CHIUDERE UN "SECOLO DI DIVISIONI E DI ODII"

Questo passaggio chiave del suo discorso, con cui l'ex ufficiale dell'esercito mussoliniano ed ex azionista, ha voluto proporsi ufficialmente come il presidente della seconda repubblica, che seppellisce definitivamente la Resistenza (che non a caso non è nemmeno stata nominata) e la discriminante antifascista, non è certo sfuggito agli eredi di Mussolini e della "repubblica di Salò". Nell'esprimere tutto il suo apprezzamento a Ciampi per aver messo in rilievo che "sempre dal Risorgimento in poi gli italiani hanno agito con senso della nazione", il caporione fascista Gianfranco Fini, in un'intervista al quotidiano diessino l'Unità del 19 maggio, ha dichiarato: "è una giornata importante. Direi che il riferimento del capo dello Stato alla continuità della nazione è il modo migliore per chiudere un secolo di divisioni e di odii, contrassegnato purtroppo anche da una guerra fratricida, e per portare l'Italia nel Duemila con un clima di pacificazione e di continuità nazionale".
Se si pensa che fino a ieri, i voti fascisti erano stati accettati di sottobanco anche quando determinanti per l'elezione del presidente della Repubblica, la legittimazione piena del partito fascista che è avvenuta con l'elezione di Ciampi, a cui ha partecipato attivamente e alla luce del sole, è un fatto da non sottovalutare per le sue implicazioni politiche, etiche e storiche. Non a caso Fini, riferendosi al processo di inserimento nell'alveo costituzionale degli eredi di Mussolini e del fucilatore di partigiani Almirante, da lui stesso avviato a Fiuggi, ha osservato: "Fiuggi ha rappresentato il punto di partenza di un percorso, l'elezione di Ciampi per le modalità con cui ci siamo arrivati rappresenta forse il compimento di quel percorso".

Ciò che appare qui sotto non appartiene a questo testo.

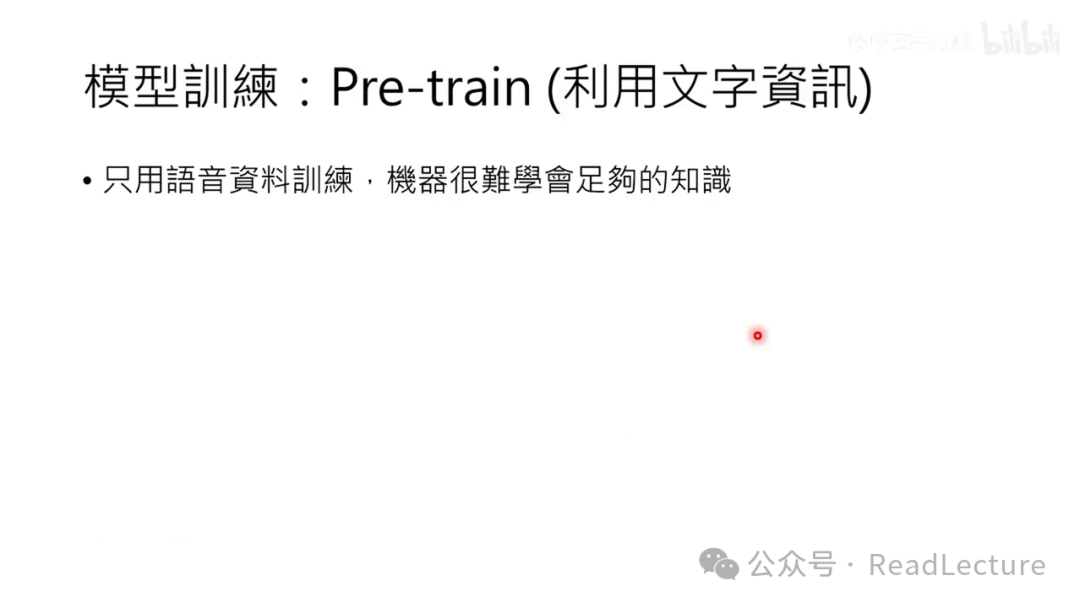 【PPT+文字稿+笔记】李宏毅：GPT-4o背后可能的语音技术猜测 配图 35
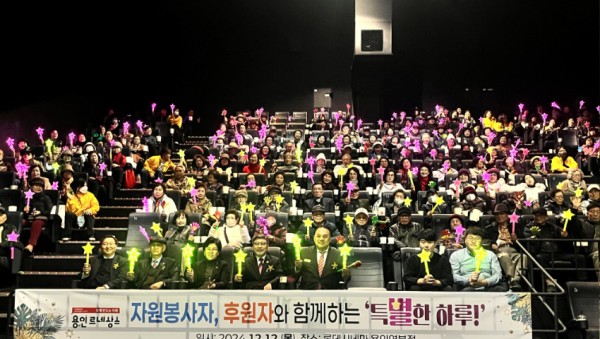 3. 용인특례시는 12일 처인노인복지관 자원봉사자·후원자를 위한 송년 행사를 진행했다 (1).jpg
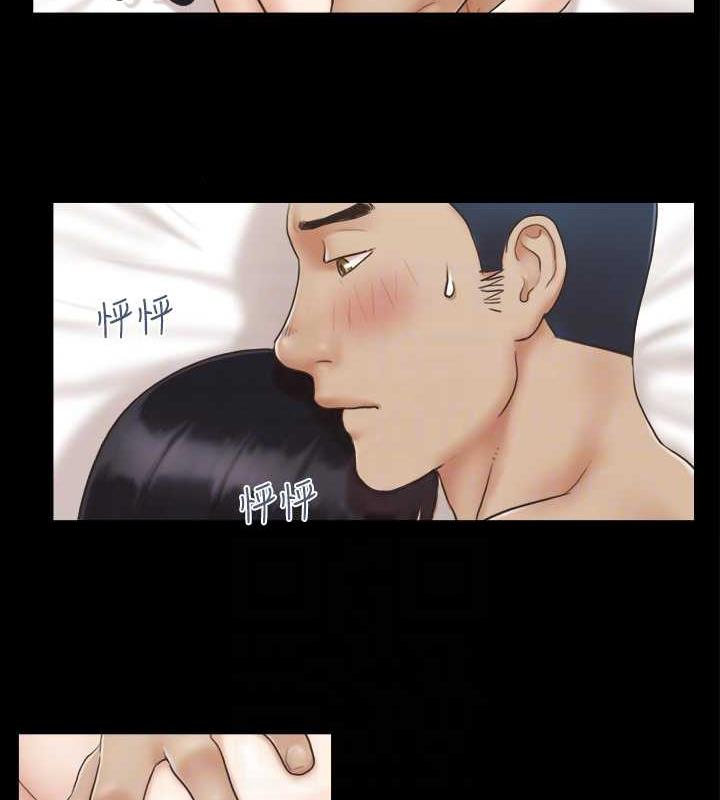 第6话-同意之下-协议换爱(无码版)-远德（第42张）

Per quanto riguarda lo scottante tema dell'intervento italiano a fianco della Nato nei Balcani, anziché denunciare come sarebbe stato suo dovere il grave tradimento della Costituzione attuato dal governo D'Alema calpestando gli articoli 11 e 78, Ciampi ha difeso a spada tratta l'aggressione armata imperialista alla Federazione jugoslava sostenendo "l'inevitabilità del ricorso alle armi" con lo scontato pretesto dell'intervento "umanitario" per far cessare "una tragica realtà di violenze, di lutti, di distruzioni" che "ci angoscia ogni giorno". Non solo Ciampi giustifica quindi l'interventismo italiano, ma a fronte dei soliti generici quanto ipocriti auspici di un negoziato di pace, invoca l'espansionismo dell'Unione europea imperialista per inglobare e rendere sicure le aree di instabilità del Vecchio continente.

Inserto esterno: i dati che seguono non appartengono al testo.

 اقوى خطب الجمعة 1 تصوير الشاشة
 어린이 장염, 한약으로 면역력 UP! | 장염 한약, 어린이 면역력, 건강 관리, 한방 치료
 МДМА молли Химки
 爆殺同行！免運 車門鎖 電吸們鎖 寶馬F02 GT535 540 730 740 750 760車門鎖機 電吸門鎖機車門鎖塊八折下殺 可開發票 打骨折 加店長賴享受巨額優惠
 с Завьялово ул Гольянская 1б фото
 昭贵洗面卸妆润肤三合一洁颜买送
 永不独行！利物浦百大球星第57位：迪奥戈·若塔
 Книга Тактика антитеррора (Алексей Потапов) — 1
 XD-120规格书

"RIFORME" NEOFASCISTE, LIBERISMO E FAMILISMO

Come "garante" di tutte le fazioni del parlamento nero Ciampi non poteva col suo discorso entrare in merito alle singole proposte di modifica neofasciste, presidenzialiste e federaliste della Costituzione, tuttavia non ha mancato lo stesso di mettere l'accento sulla necessità di riprendere vigorosamente il cammino interrotto con la Bicamerale, mettendo mano a quelle "riforme", come un "federalismo che risponda al principio di sussidiarietà, le "procedure elettorali", la "forma di governo", gli "ordinamenti di giustizia" (passo questo vistosamente approvato da Berlusconi, ndr), i "sistemi di sicurezza interna e di difesa comune", per portare a suo dire il nostro paese alla "modernità europea".
Oltre che neofascista e interventista, il suo è stato (e non poteva non essere, dato il suo passato) anche un discorso marcatamente liberista, da cane da guardia dell'economia e della finanza capitaliste non soltanto italiane, ma anche europee. Il suo è stato un vero e proprio inno alla "moneta unica europea", alla "libertà d'impresa sia dai lacci sia dai sussidi di Stato", ai mercati capitalistici in generale e al "mercato unico europeo", alla "competitività", alla subordinazione della scuola e dell'Università alle esigenze del mercato e delle imprese, e al "patto sociale", di cui ha rievocato a suo personale vanto la memoria dell'infame accordo del luglio '93.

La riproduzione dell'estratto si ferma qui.